BEGIN
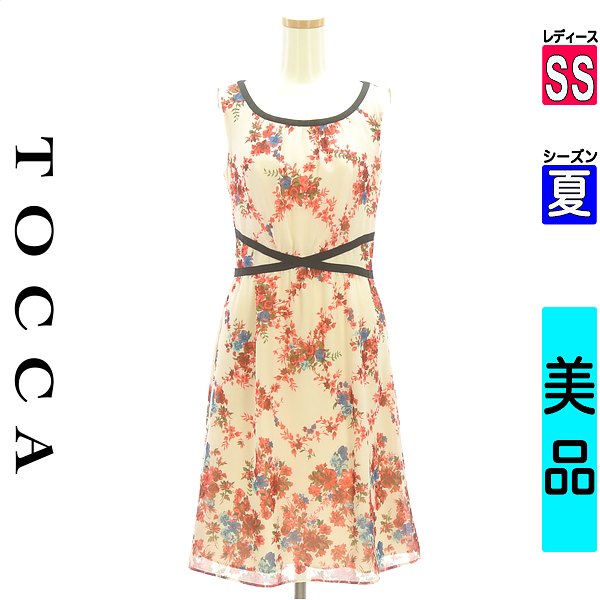楽天市場】ノースリーブ(ブランドトッカ)(ワンピース 楽天市場】ノースリーブ(ブランドトッカ)(ワンピース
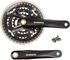 Set de Pédalier Acera FC-M361 Carré avec Garde-Chaîne - noir/175,0 mm 22-32-42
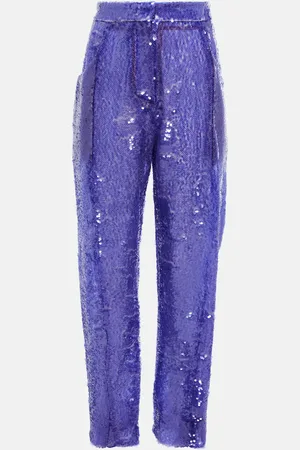 Blazé Milano Blazé Milano Weite Hose Sorraia mit Pailletten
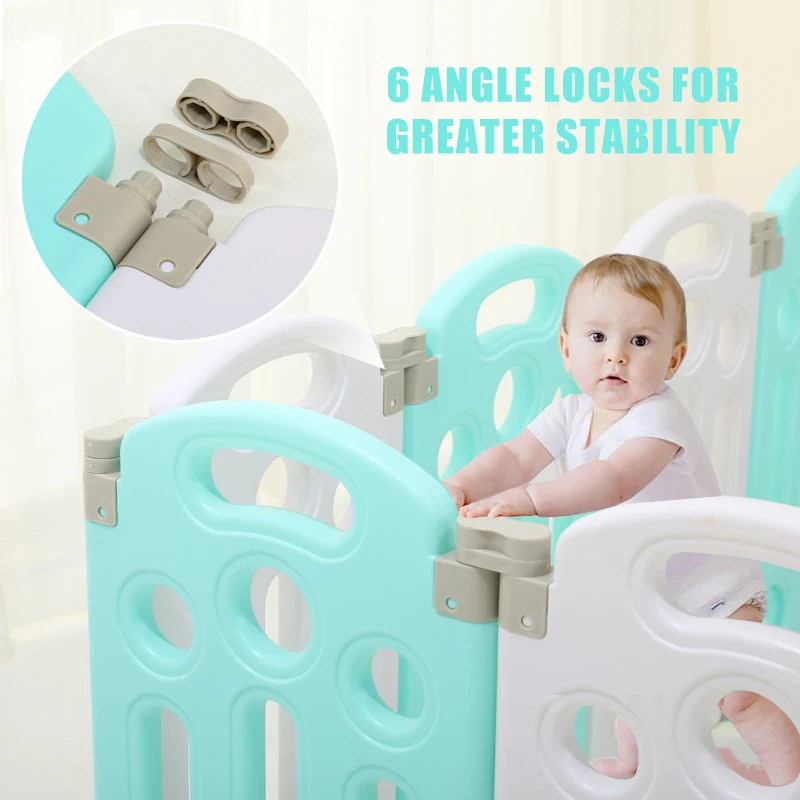 Рисунок 2 - Детский манеж IMBABY с качелями-троянами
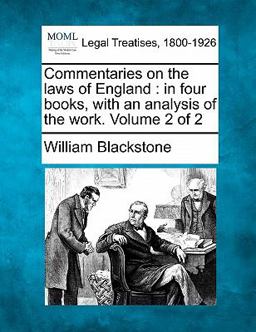Commentaries on the Laws of England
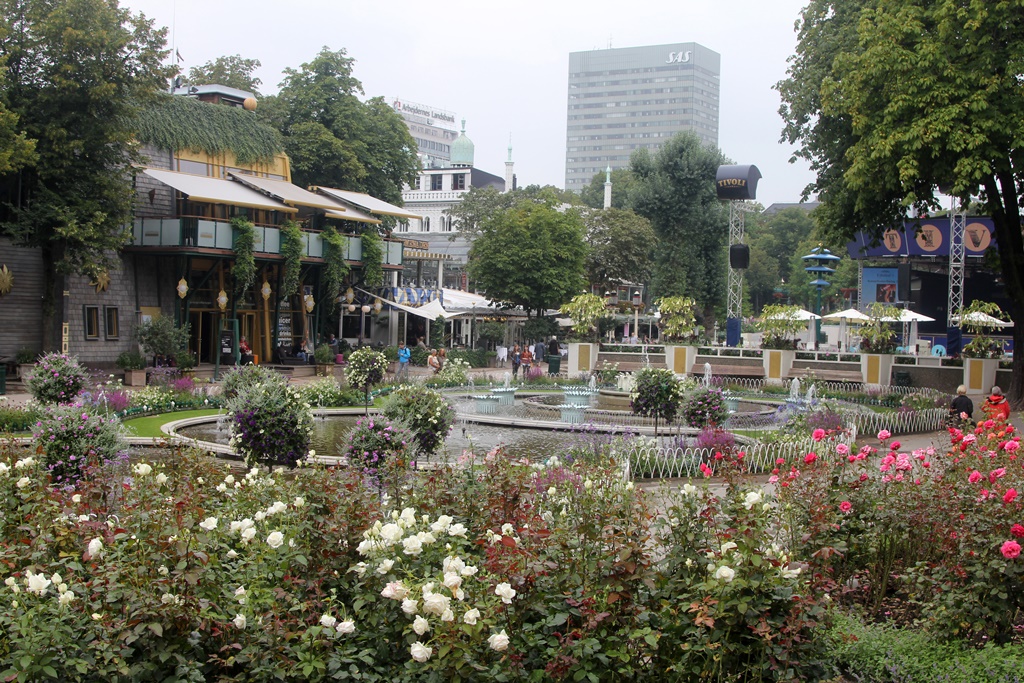 Fountains and Landscaping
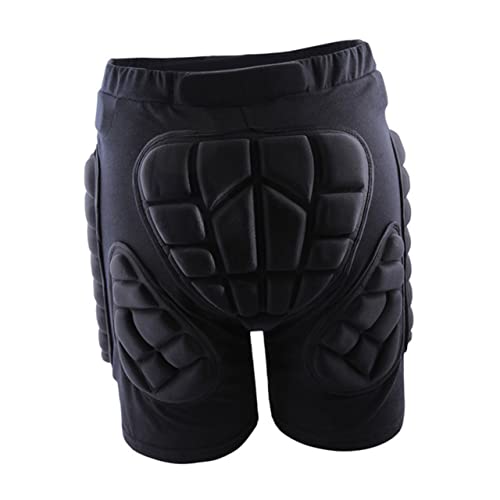 NAMOARLY Snowboarding Ski Pants Protective Hockey Girdles Boys and Girls Skate Riding Gear Skiing Pants Ample Padding Youth Adult Sizes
END
Your assignment →
All that is needed is the lines from the line holding "Blazé Milano Blazé" to the final line of the listing above, repeated exactly, pictures excluded.

Output for this task →
 Blazé Milano Blazé Milano Weite Hose Sorraia mit Pailletten
 Рисунок 2 - Детский манеж IMBABY с качелями-троянами
Commentaries on the Laws of England
 Fountains and Landscaping
 NAMOARLY Snowboarding Ski Pants Protective Hockey Girdles Boys and Girls Skate Riding Gear Skiing Pants Ample Padding Youth Adult Sizes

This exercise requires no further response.